Try it:
Omit any pictures, and restate word for word only the lines from the one with "Alabaster Silver Metallic" through the end of the data below.

Source records:

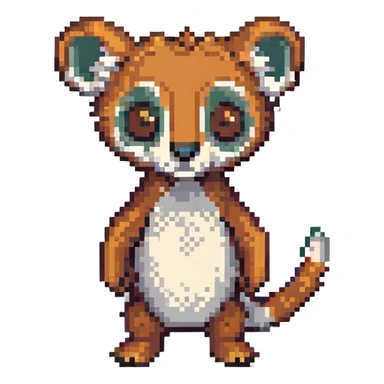 Madagascar Mort in a cute pixel art style sticker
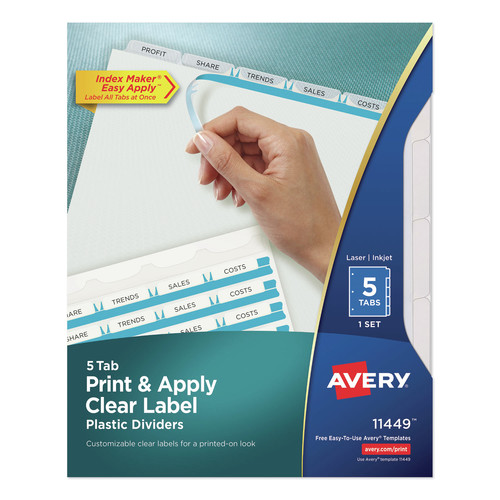Office Jansan | Avery 11449 11 x 8.5 Print and Apply Index Maker Plastic Dividers with Printable Label Strip - Frosted Clear Tabs (5-Pieces/Set) image number 0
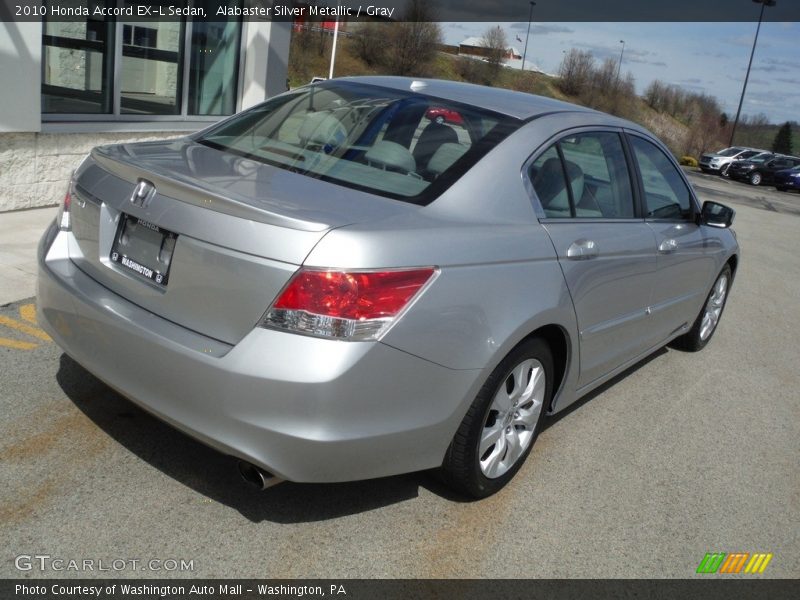 Alabaster Silver Metallic / Gray 2010 Honda Accord EX-L Sedan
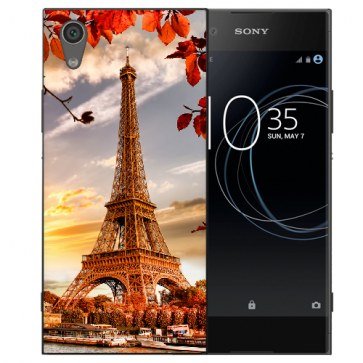 Sony Xperia XA1 Silikon Schutzhülle TPU mit Eiffelturm Fotodruck 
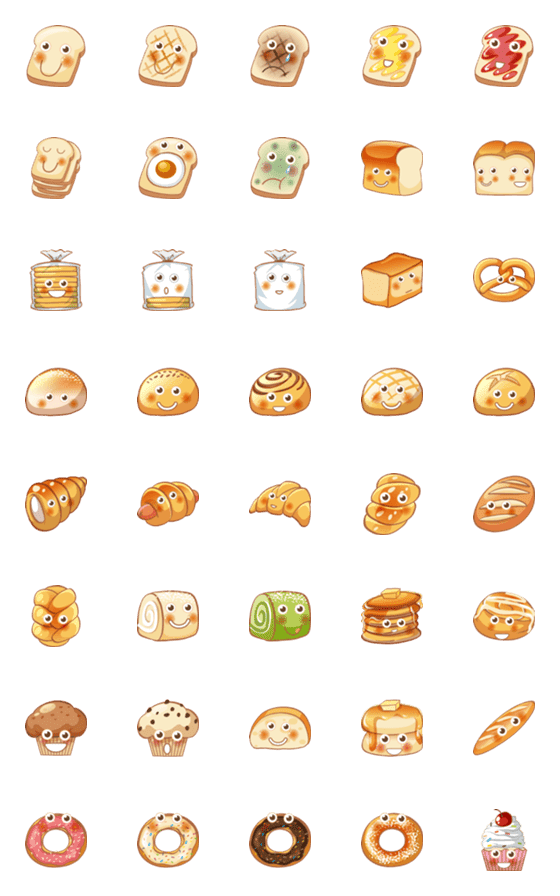 [LINE絵文字]Bread emoji Collectionの画像一覧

Written response:
 Alabaster Silver Metallic / Gray 2010 Honda Accord EX-L Sedan
 Sony Xperia XA1 Silikon Schutzhülle TPU mit Eiffelturm Fotodruck 
 [LINE絵文字]Bread emoji Collectionの画像一覧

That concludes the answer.